I made a new service which I hope can do what you want. Since getting the data is a slow operation I want to run it separately from DAS. It will retrieve desired info from DBS/Phedex, but will answer your question in two ways:

  1. If data is not yet populated you/DAS will get a dict with

{{{ {'busy':'please try later', 'reason':'waiting for DBS3/Phedex info'} }}}

which means that you/DAS need to try it later.

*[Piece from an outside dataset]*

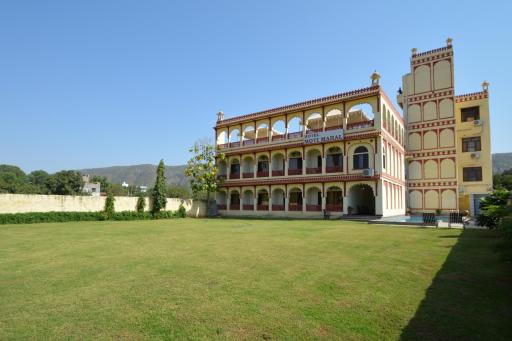 Moti Mahal - A Heritage Haveli - Housity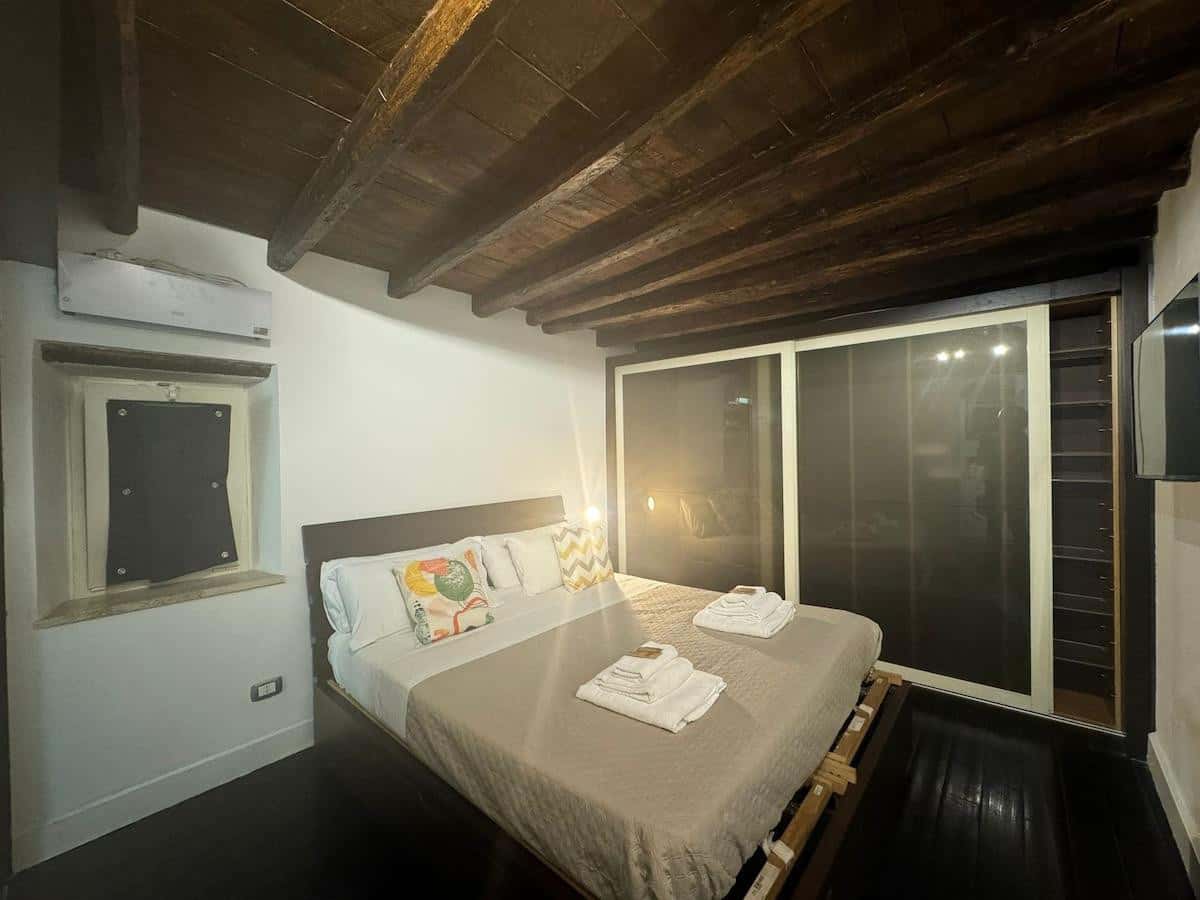 Apartment Rome, 1 bed — photo 2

  1. if it got all the data you'll get records like this (I asked for dataset info for site=T2_CH_CAF):

{{{ {u'count': 23.0, u'name': u'/QCD_Pt_170to300_TuneZ2_55M_7TeV_pythia6/Fall10-START38_V12-v1/DQM', u'custodial': u'n', u'site': u'T2_CH_CAF', u'nfiles': 348.0, u'se': u'caf.cern.ch', u'size': 1576260039.0} {u'count': 7.0, u'name': u'/WtoTauNu_TuneP0_7TeV-pythia6-tauola/Fall10-START38_V12-v1/DQM', u'custodial': u'n', u'site': u'T2_CH_CAF', u'nfiles': 40.0, u'se': u'caf.cern.ch', u'size': 159781457.0} {u'count': 7.0, u'name': u'/WtoTauNu_TuneProPT0_7TeV-pythia6-tauola/Fall10-START38_V12-v1/DQM', u'custodial': u'n', u'site': u'T2_CH_CAF', u'nfiles': 46.0, u'se': u'caf.cern.ch', u'size': 152100375.0} {u'count': 7.0, u'name': u'/QCD_Pt-80toInf_6GenJets_TuneZ2_7TeV-pythia6/Fall10-START38_V12-v1/DQM', u'custodial': u'n', u'site': u'T2_CH_CAF', u'nfiles': 82.0, u'se': u'caf.cern.ch', u'size': 217423491.0} {u'count': 5.0, u'name': u'/DYtoMuMu_M_20_TuneProPT0_7TeV-pythia6/Fall10-START38_V12-v1/DQM', u'custodial': u'n', u'site': u'T2_CH_CAF', u'nfiles': 7.0, u'se': u'caf.cern.ch', u'size': 50849605.0} }}}

I can supplement records with additional info if you want (I used DBS3/Phedex APIs). The information will be fetched periodically and kept around for some amount of time, e.g. 1 hour.

Once service is in place, DAS can talk to it. But it means that sometimes you can get busy record and need to try your query later. Usually the DBS3/Phedex combination takes around 5 minutes. Once it's completed the look-up of dataset/site would be really fast.

gutsche commented 13 years ago

gutsche: Hi there,

looks good. We'll use it when DBS3 comes online.

Thanks,

OLI

vkuznet commented 13 years ago

valya: The solution has been implemented as of revision b121b75c2b298c17b205559ade26544bdccce56eusing DBS3/Phedex APIs. Closing the ticket.